[Caption-style text data]
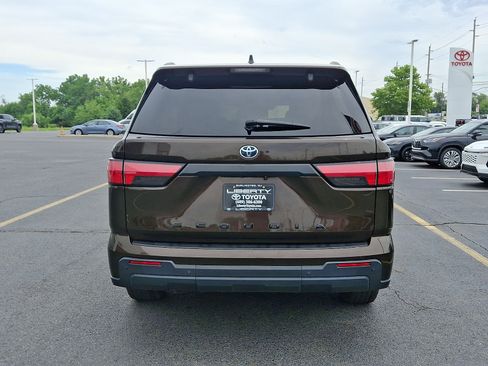 Used 2023 Toyota Sequoia SR5 w/ TRD Off-Road Package AWD/4WD image 5
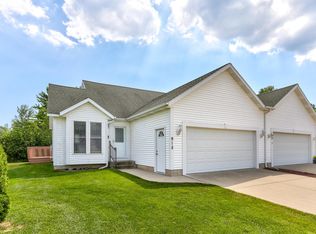 915 Stonewood Dr, Spring Lake, MI 49456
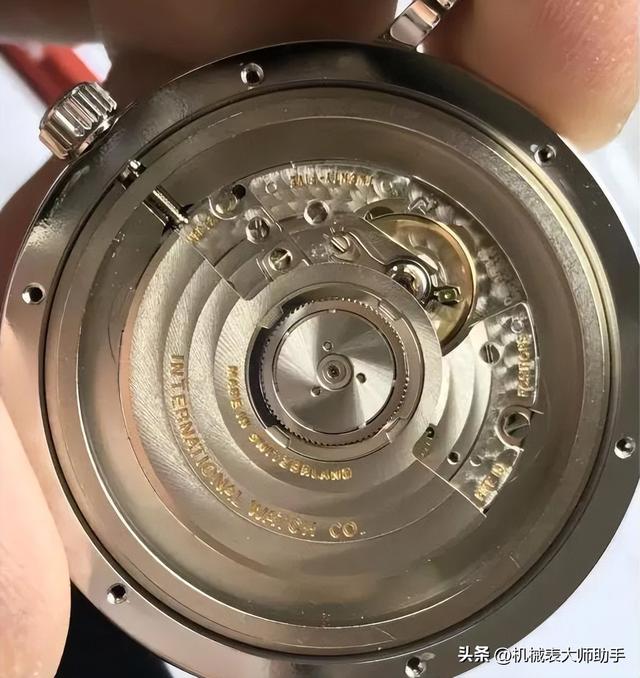 ��е�����׹����ģ����ռ�����Ʒ�Ƽ�ֵ�ĸ�����Ҫ��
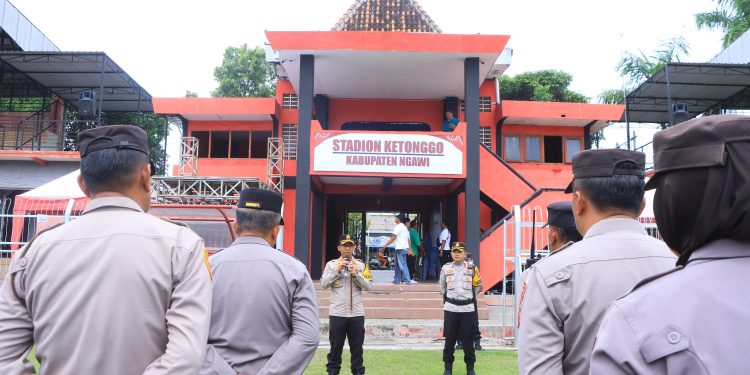 Kapolres Ngawi Pimpin Langsung Pengamanan Pertandingan Liga 4 Kapal Api
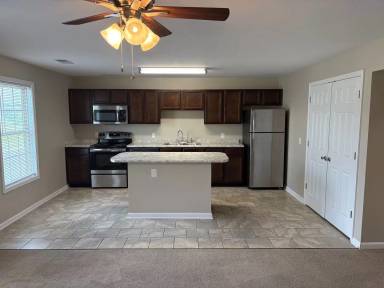 Main picture of 400 Southern Cross Dr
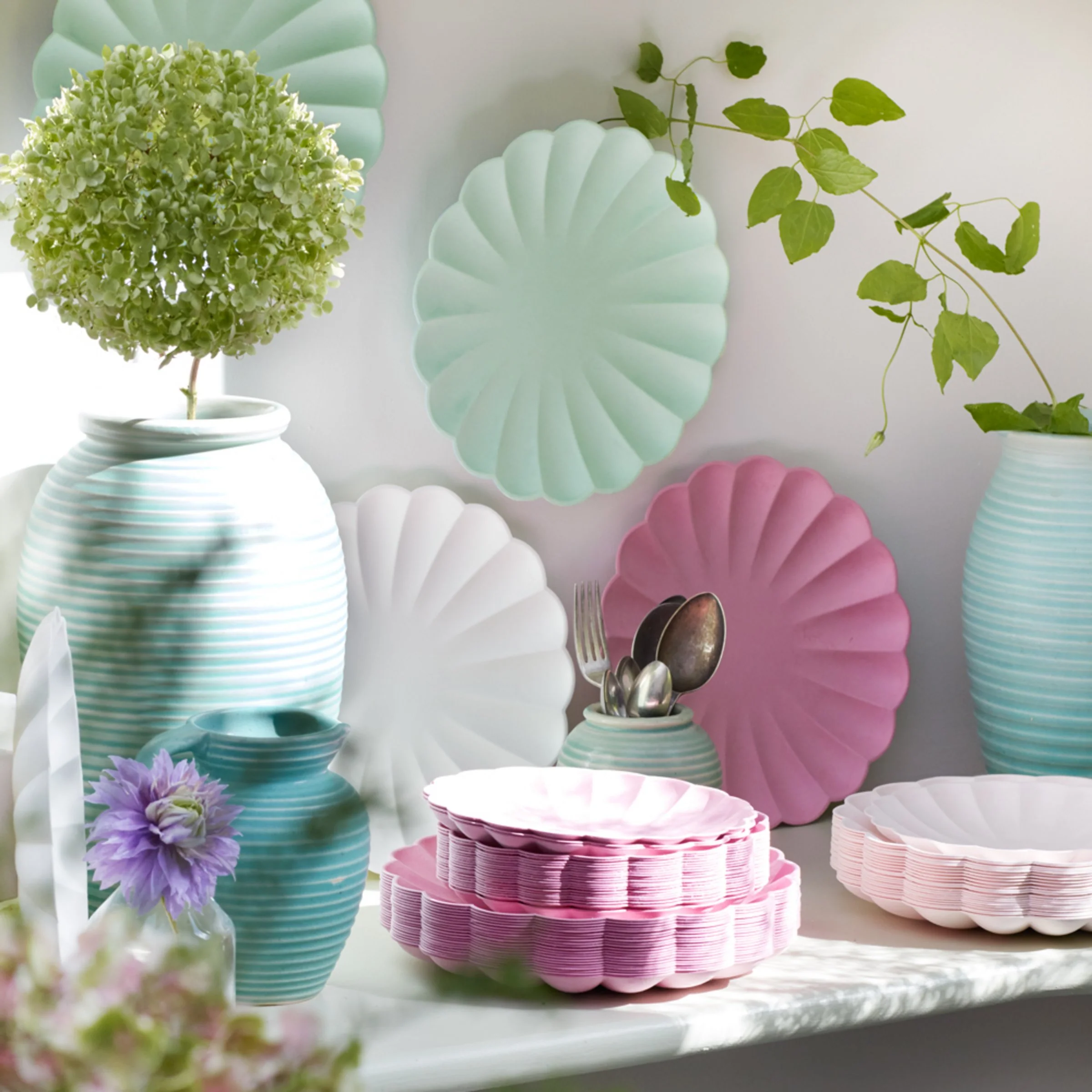 Large Bubblegum Pink Compostable Plates (x 8) - Image 3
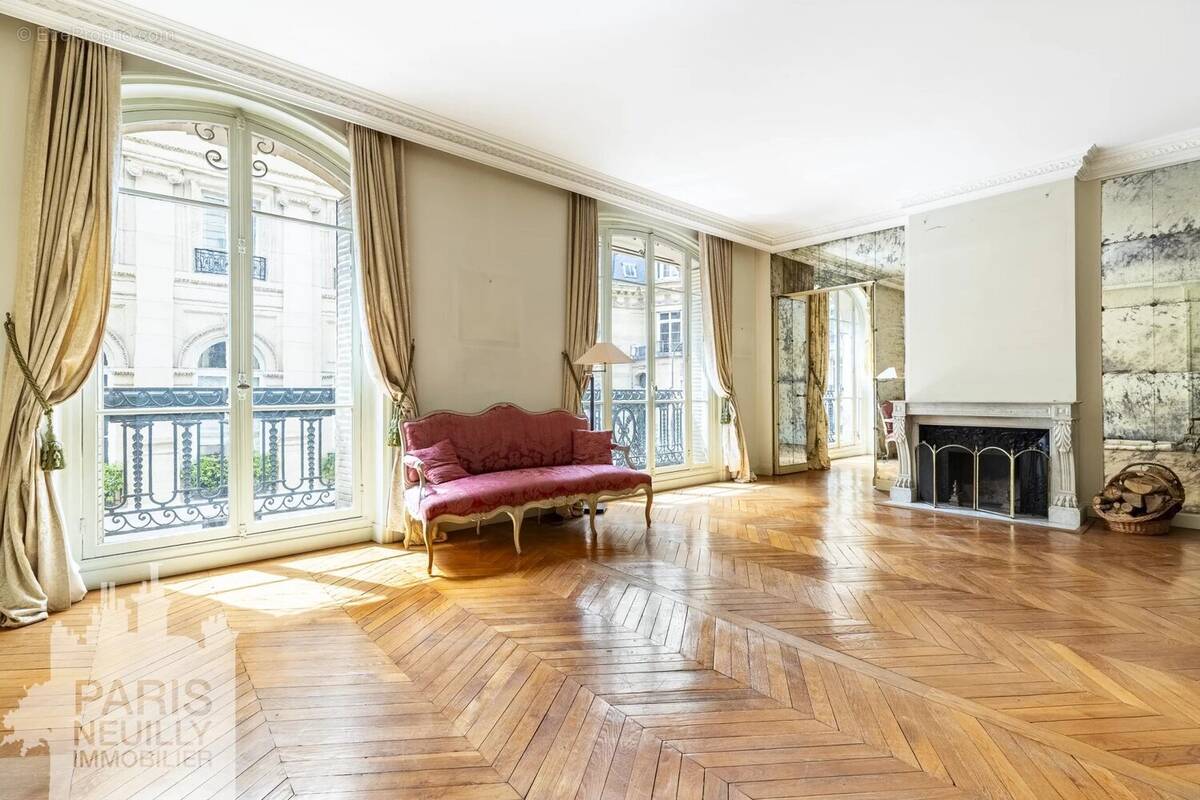 Appartement à PARIS-16E
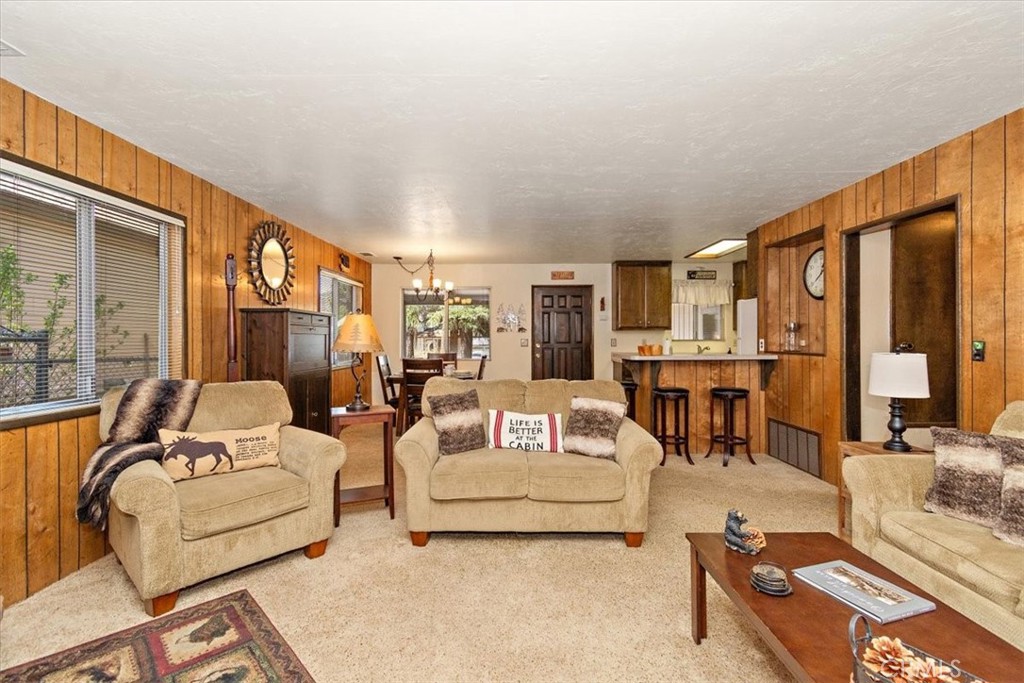 304 E Mojave Boulevard Property Photo 6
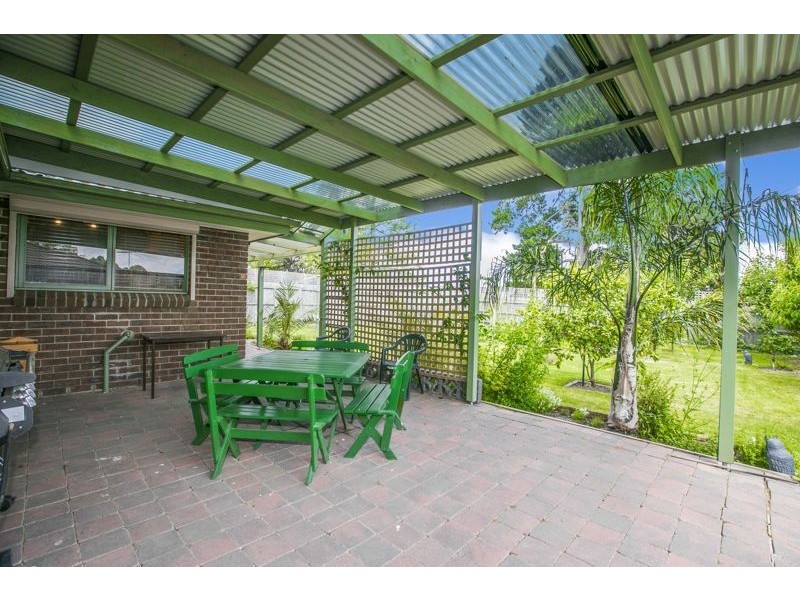 72 Endeavour Drive, Cranbourne North VIC 3977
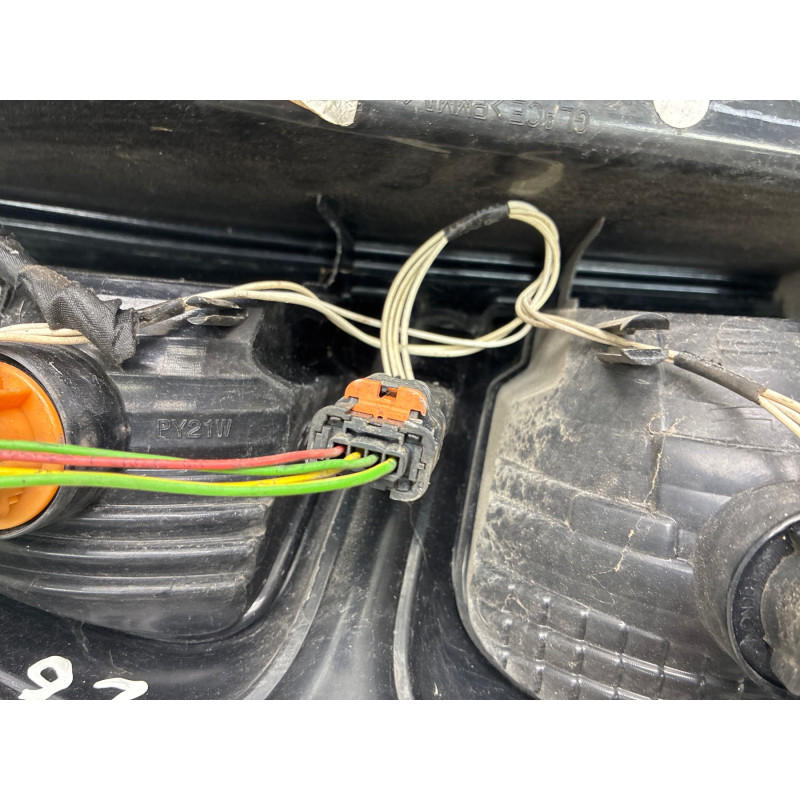 Feu arriere principal droit (feux) CITROEN C3 PICASSO Photo n°2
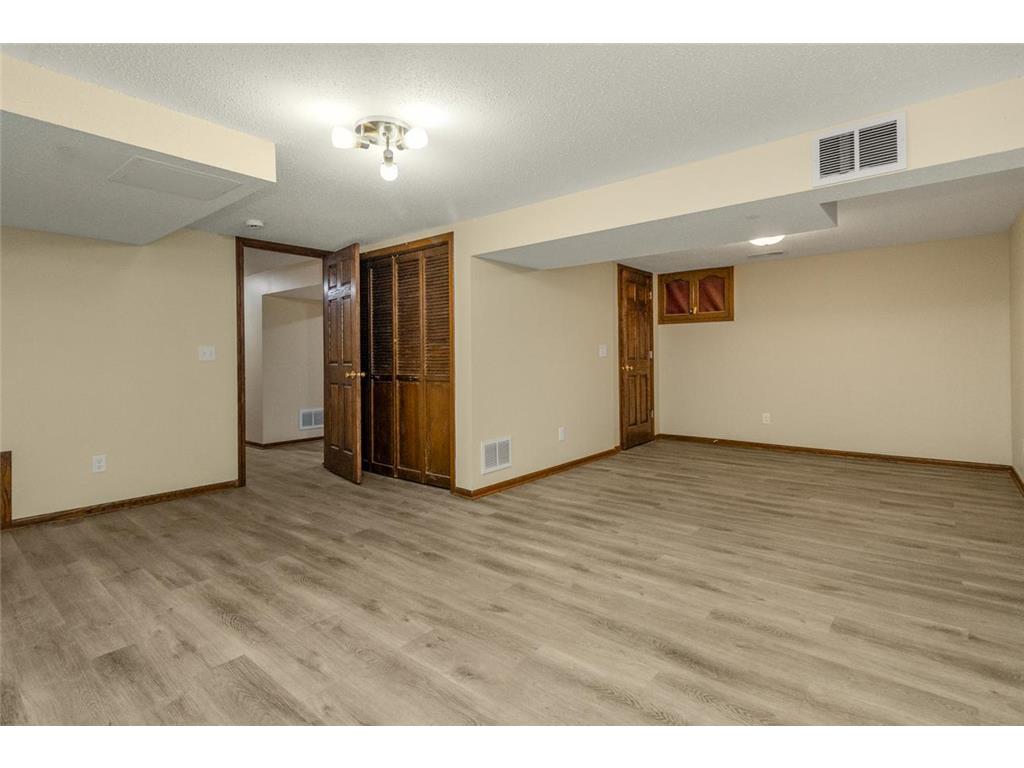 5901 6th Street NE Fridley MN 55432 7097086 image22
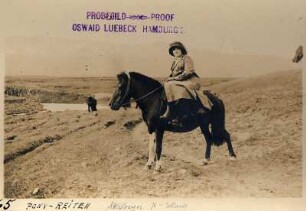 Akureyri/ Island: Dame auf einem Pony in Landschaft oberhalb des Glera-Wasserfalls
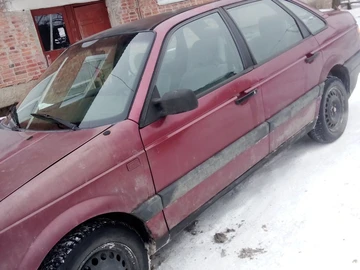 Авто Volkswagen Passat Sedan 1990 № 8477553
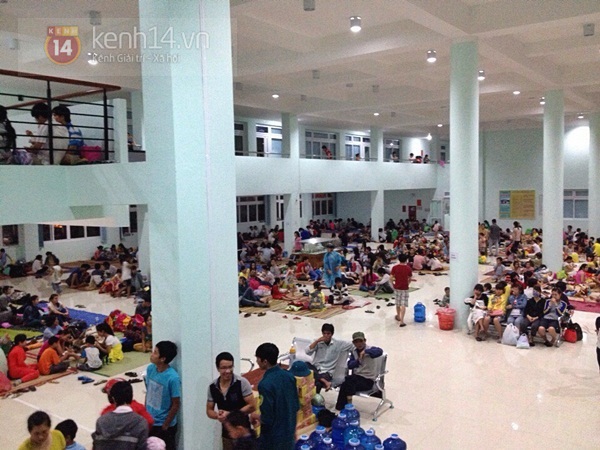 Sinh viên Đà Nẵng được sơ tán vào trong trường để tránh siêu bão 1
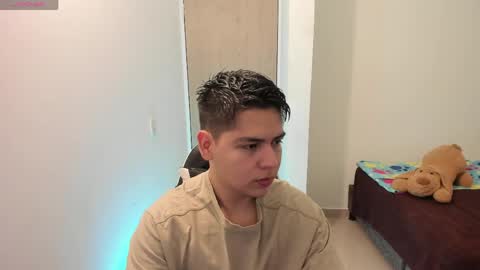 Asta Kuno online show from 04.26.26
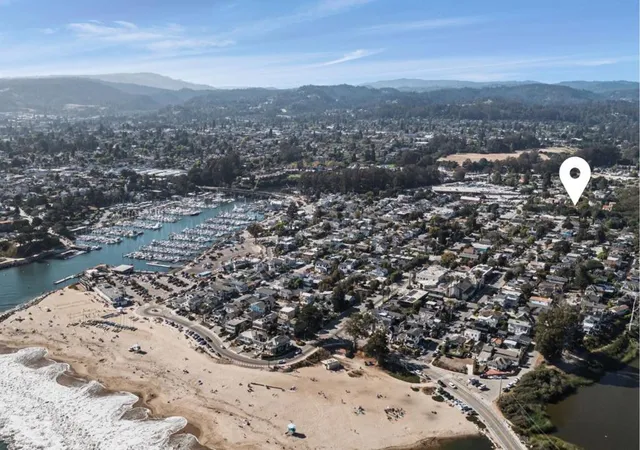 Photo 3 of Sale Pending at 188 Harbor Beach Ct, Santa Cruz, CA 95062 | MLS# ML82051252 | Listing updated on 2026-09-14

### What to do
Leaving every picture out, return the lines from the one containing "Akureyri/ Island: Dame" through the last line of the records exactly.

### Expected answer
 Akureyri/ Island: Dame auf einem Pony in Landschaft oberhalb des Glera-Wasserfalls
 Авто Volkswagen Passat Sedan 1990 № 8477553
 Sinh viên Đà Nẵng được sơ tán vào trong trường để tránh siêu bão 1
 Asta Kuno online show from 04.26.26
 Photo 3 of Sale Pending at 188 Harbor Beach Ct, Santa Cruz, CA 95062 | MLS# ML82051252 | Listing updated on 2026-09-14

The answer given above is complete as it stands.